Code optimization

I have two functions that need further optimization. Any advice?

module opt
  use ieee_arithmetic, only: ieee_value, ieee_quiet_nan
  integer(8), parameter :: k = 270
  real(8), parameter :: pi = acos(-1d0)


  function roll_bv(n, x) result(res)
    integer(8) :: n, i1, i2
    real(8) :: x(n), res(n)
    !$omp parallel do
    do i1 = 1, k - 1
      res(i1) = ieee_value(0d0, ieee_quiet_nan)  
    end do
    !$omp parallel do
    do i1 = k, n
      res(i1) = 0d0 
      do i2 = i1 - k + 1, i1 - 1
        res(i1) = res(i1) + pi/2d0*k/(k - 1d0)*abs(x(i2)*x(i2 + 1))  
      end do
    end do
  end function

  function lm_jump(n, x, x_roll_bv) result(res)
    integer(8) :: n, i
    real(8) :: x(n), x_roll_bv(n), res, max_z, c, s, z 
    real(8), allocatable :: z_vector(:)
    !$omp parallel do
    do i = 1, n
      z_vector(i) = abs(x(i))/sqrt(x_roll_bv(i)/(k - 2d0)) 
    end do
    max_z = maxval(z_vector)
    c = (2d0*log(n*1d0))**(1d0/2d0)/8d-1 - &
      (log(pi) + log(log(n*1d0)))/(1.6d0*(2d0*log(pi))**(1d0/2d0))
    s = 1d0/(6d-1*(2d0*log(pi))**(1d0/2d0))
    z = (max_z - c)/s
    res = 1d0 - exp(-exp(-z))
  end function
end module

Have you run them through a profiler? Do you know what the hotspots are? If not I suggest you use gprof or Intel’s tool (I don’t remember the name) to gain a better understanding of what is slowing you down.

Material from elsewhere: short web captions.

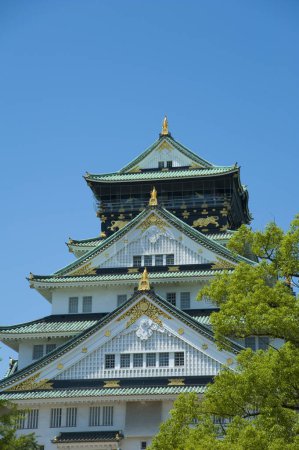 Main tower of Osaka castle under the blue sky, Osaka city, Japan
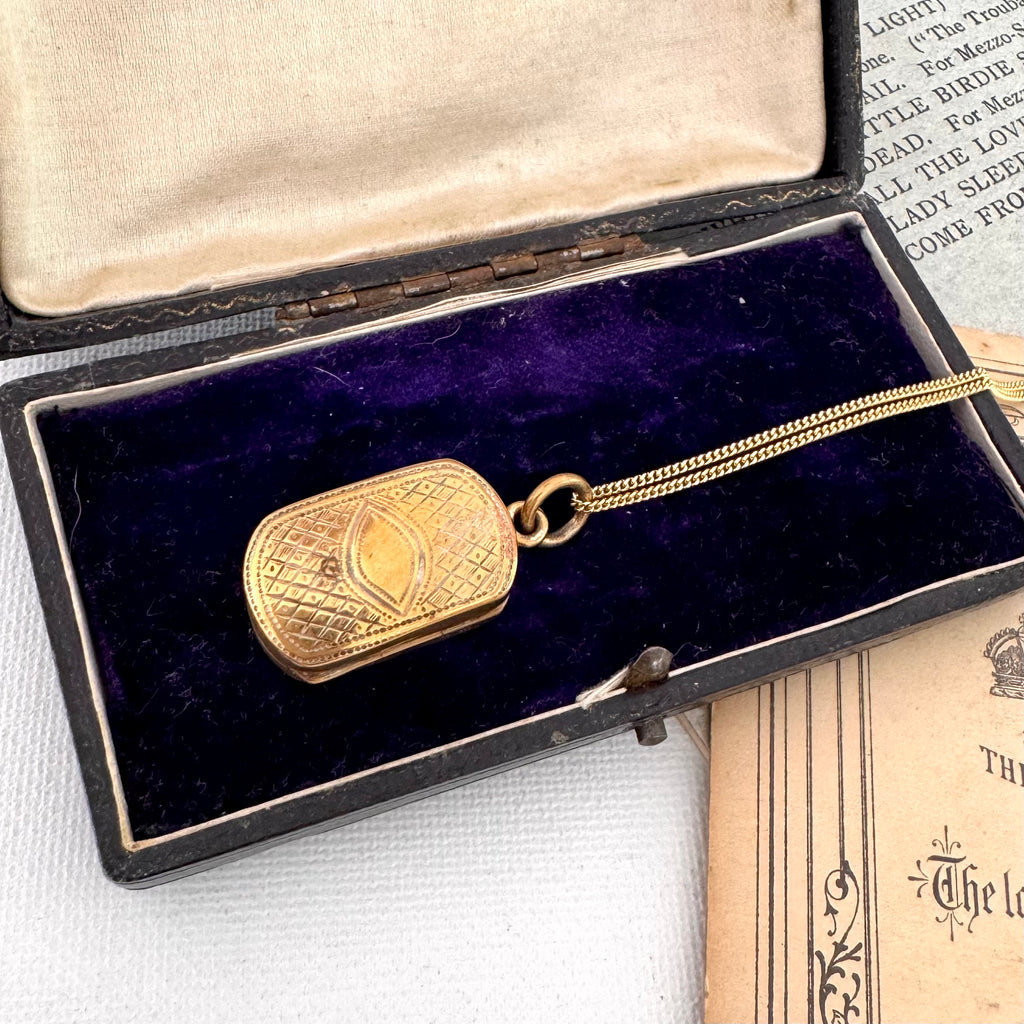 Antique pinchbeck vinaigrette on a chain with an old document in the background and on an open jewellery box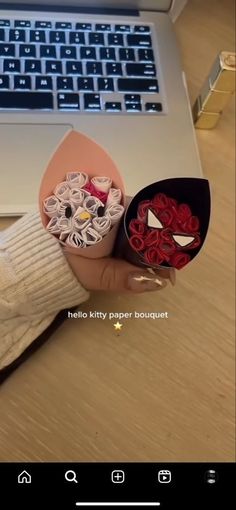 someone is holding some paper in front of a laptop computer with the caption hello kitty paper bouquet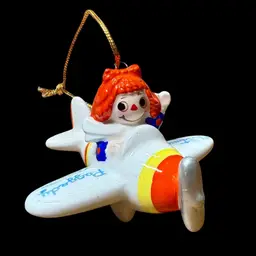 1982 Schmid Flying High Raggedy Ann Ceramic Christmas Ornament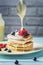 Pancakes are watered with condensed milk. Tasty breakfast with berries. Dessert with currants and blueberries close-up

Before you optimize the code, I’ll humbly suggest that you fix the bug(s).

The code runs fine and generates correct answers.

Well, we don’t know if the code runs correctly, because you did not provide sufficient information (like an entire functioning program). I suspect you either got lucky or n < k.

I suspect that there is an error here: s was set equal to the reciprocal of an expression rather than to the expression itself, probably to supplant the division by s in the next line by a faster multiplication by the reciprocal of s. However, the programmer forgot to replace ‘/’ by ‘*’ in that second line.

An inefficiency: ** (1d0/2d0) can be replaced by sqrt(). Some processors may have a floating point instruction to evaluate the square root in hardware or microcode. The X87 instruction set included SQRT as long as 40 years ago.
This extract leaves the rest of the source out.